Culture / Politics

Morgan of the Month: BBC

morgan-rosette-smallerThe BBC, of course, never wanted to release details of how much it paid its most famous employees. The decision to make public what should have remained a private matter was forced on the Corporation by a spiteful government seeking to deflect attention from its own failings; and it was egged on by newspapers whose commercial rivalry with the BBC makes them entirely unreliable on the subject.

Now the figures have been published, however, we feel it’s our duty – as a public-service website – to point out how appallingly tedious and shallow the BBC’s coverage of the story has been. This month’s broadcasting was dominated by a level of navel-gazing self-scrutiny that was impressive even by the Corporation’s own solipsistic standards. It’s a cliché to say that this isn’t what we pay our licence fees for, but really: this isn’t what we pay our licence fees for.

Nor are we entirely happy for that money to be spent so readily on presenters whose talent is not quite as impressive as the rapacity of their agents.

There is an argument that the BBC has to compete for talent in the marketplace. We’re not convinced by this for several reasons. First, the sheer size of the BBC helps to shape that marketplace. Second, the licence fee brings with it social and ethical considerations that aren’t expected of a purely commercial enterprise. Third, part of the remit of the BBC should be to do things differently to how they’re done in the private sector, and not just in terms of what appears on the radio, television and internet.
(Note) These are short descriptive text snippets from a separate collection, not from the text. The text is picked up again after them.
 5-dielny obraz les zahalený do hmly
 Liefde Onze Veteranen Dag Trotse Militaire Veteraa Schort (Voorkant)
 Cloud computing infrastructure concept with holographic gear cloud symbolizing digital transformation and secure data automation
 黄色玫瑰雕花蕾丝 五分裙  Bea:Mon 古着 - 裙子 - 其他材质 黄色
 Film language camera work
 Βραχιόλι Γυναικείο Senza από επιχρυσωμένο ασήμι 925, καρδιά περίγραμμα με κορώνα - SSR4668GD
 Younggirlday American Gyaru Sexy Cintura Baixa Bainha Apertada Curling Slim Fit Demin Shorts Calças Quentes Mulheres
In any case, if this is simply a case of market forces, we feel entitled to wonder which private broadcaster is desperately seeking Humphrys. Frankly, there’s not a lot of competition in speech radio beyond the BBC, and it seems unlikely that LBC are in a position to spend more than £600,000 a year in order to replace Nick Ferrari on their breakfast show. Nor is TalkSport, or its sister station TalkRadio, likely to stump up the thick end of a million quid each year to acquire the services of Nicky Campbell and Stephen Nolan from the downwardly mobile Radio 5 Live.

But even if the big names are poached, does it really matter that much? Ever since the advent of competition in broadcasting, with the launch of Radio Luxembourg in 1933, the BBC has seen people lured away by bigger wage-packets and yet has somehow managed to struggle on. When Des Lynam did a runner from Match of the Day in 1999, the Corporation responded by fast-tracking Gary Lineker; if he now flew the nest, no doubt we’d all find a way to survive. As they say in football, no player is bigger than the team.
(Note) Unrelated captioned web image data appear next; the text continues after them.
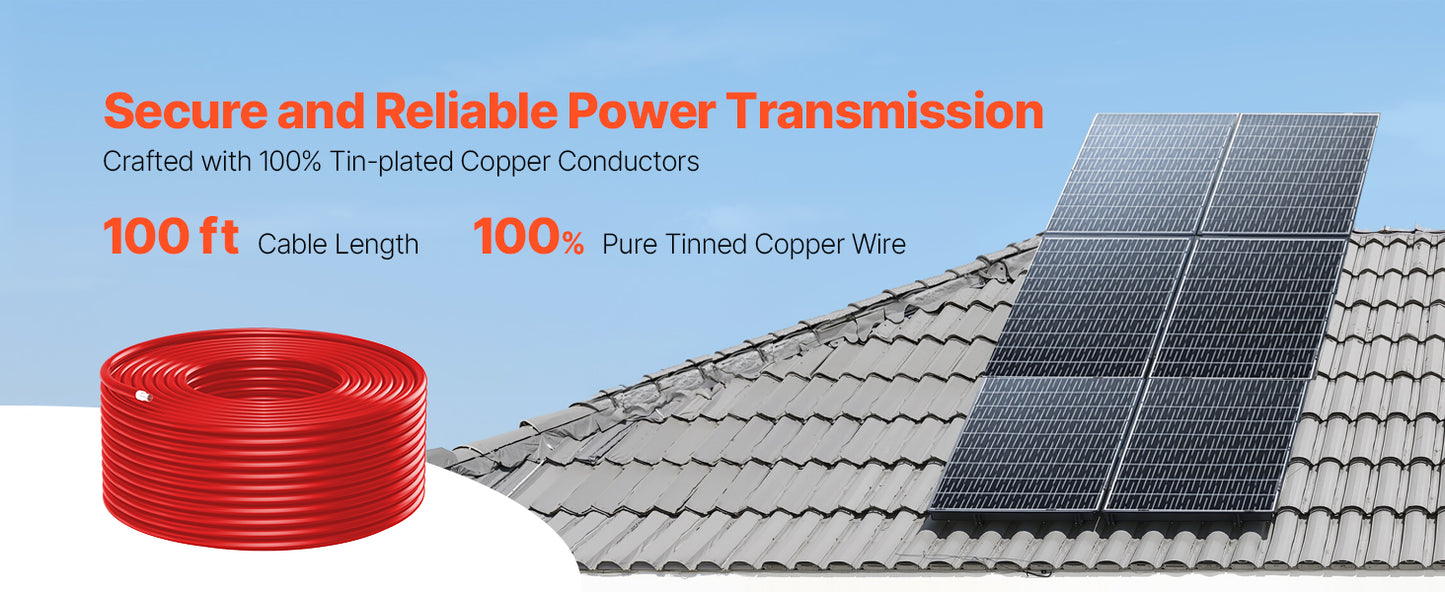 SucceBuy 100FT Solar Panel Extension Cable 10AWG 6mm² IP67 Waterproof Solar Extension Cable for Home Ship and RV Solar Panels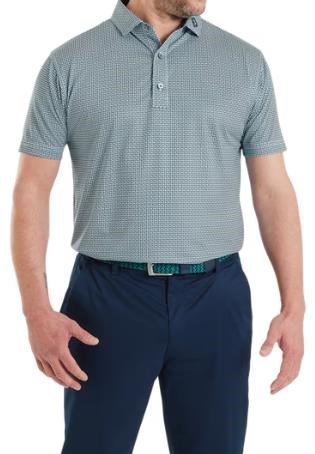 FootJoy Nautical Flag Print Lisle men's polo, field green/navy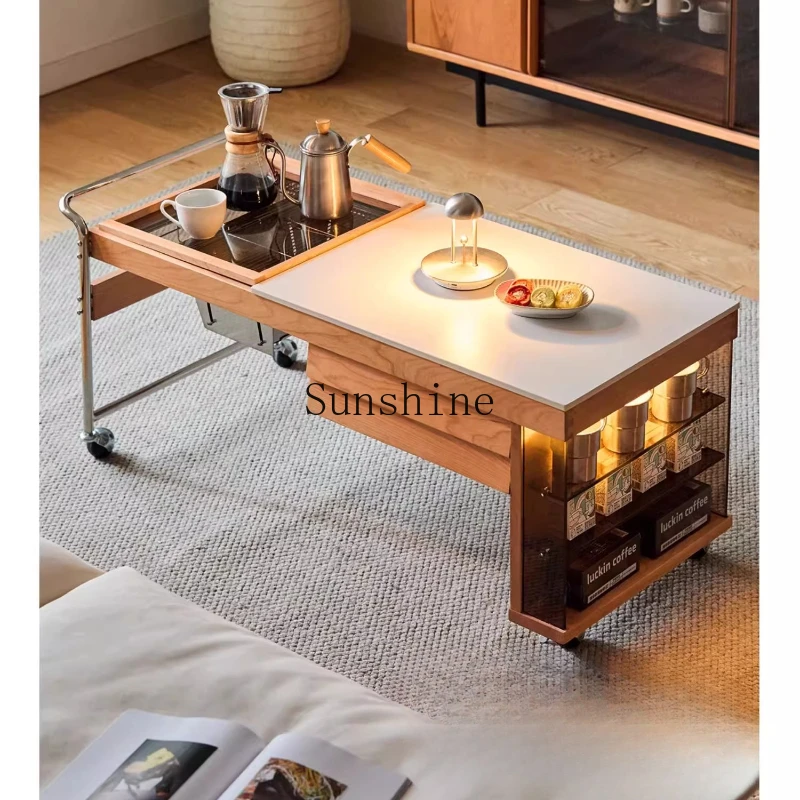 

Household retro removable tea cabinet medieval rock slab balcony leisure edge few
There is a larger issue, however. A key part of the job of someone like John Humphrys is to hold politicians to account on issues like poverty, public sector pay, inflation, pensions, house prices and workers’ rights, to cite just a few of the matters currently exercising both the electorate and the political class. Does he do this better – does he articulate more effectively the concerns of the voter and the taxpayer – with that kind of wad in his back-pocket? Or does his pay-packet buy him into the system just as effectively as did the knighthood awarded to Robin Day in 1981, while he was still a working journalist?

Further, the fees paid to the top earners (and this applies more than equally to those in management) distort the output, starving other areas of funding. Drama (beyond Doctor Who), comedy (beyond panel games), investigative journalism – these things are more deserving of our money than celebrity newsreaders or middle-aged men playing gramophone records on the wireless.
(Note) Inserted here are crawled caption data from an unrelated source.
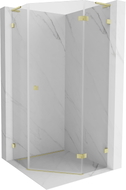Mexen Lunar L pentagonal pivot shower cabin right 80 x 80 cm, transparent, brushed gold - 831L-080P-080L-55-00-P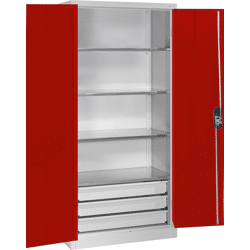C + P Großraum-Werkzeugschrank RAL 7035/3003 mit 3 Schubladen unten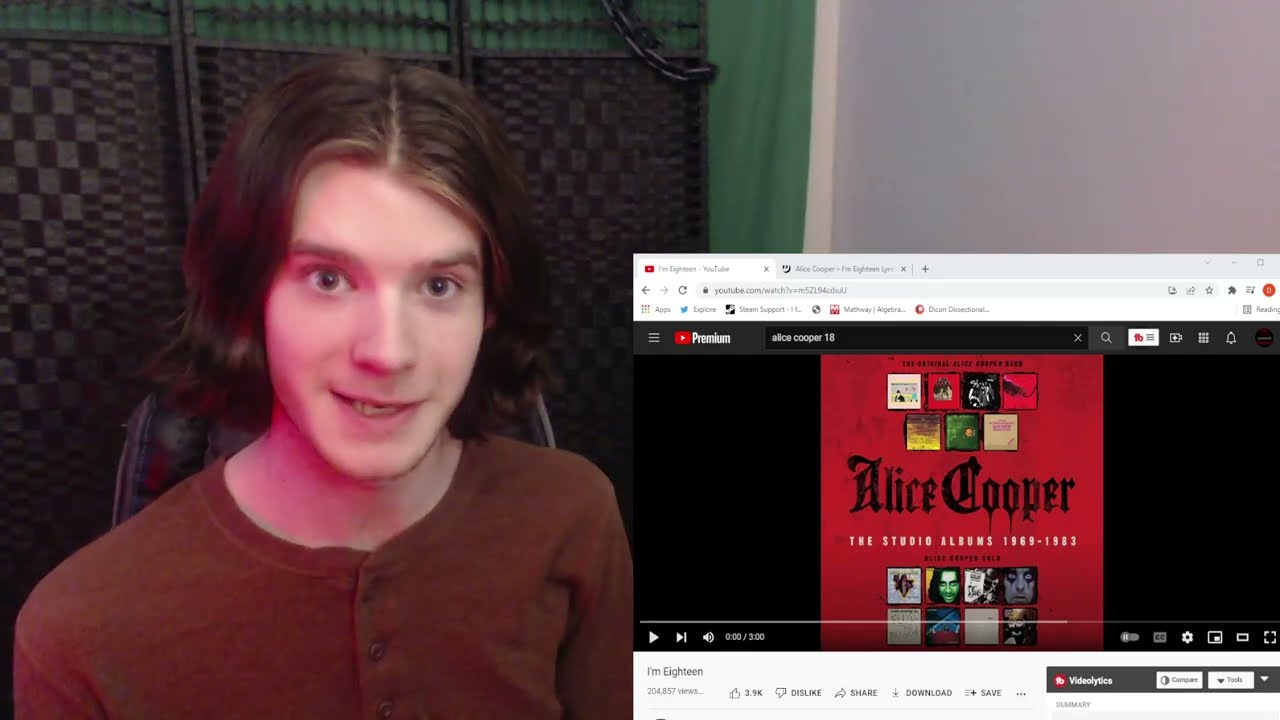 Eighteen y/o listens to Alice Cooper - I'm 18 (REACTION)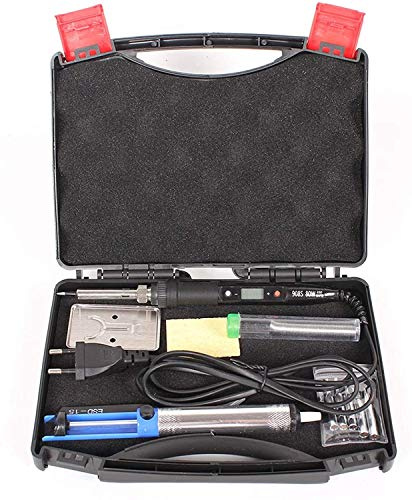 Soldador confiable de hierro soldador LCD pantalla digital 80 W eléctrica temperatura ajustable estación de hierro soldadura mano herramientas de reparación equipo de soldadura (color: kit de caja de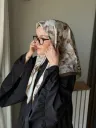 Lilya Desen Soft Eşarp - Olive küçük görsel 2
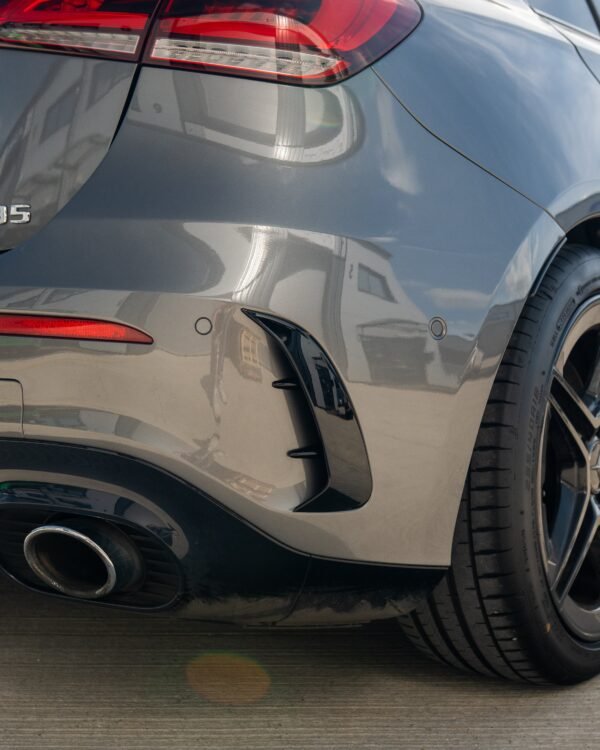 MERCEDES A-CLASS A35 W177 2018+ GLOSS BLACK REAR BUMPER CORNERS - Image 4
Unlike the newspapers, who’ve spent several column miles berating the BBC for paying Uncle more than Auntie (while carefully not revealing the remuneration offered to their own columnists), we are genuine fans of the institution. Which is why we’re not happy with pay deals that disproportionately reward a small group of household names (plus Jason Mohammad and Greg James).

We instituted this award to recognize ‘a British public figure who’s proved to be both overexposed and surplus to requirements’. This month, although the face on the rosette belongs to the BBC’s first director general, Sir John Reith, it is awarded not to an individual but to the self-obsession of the entire corporation.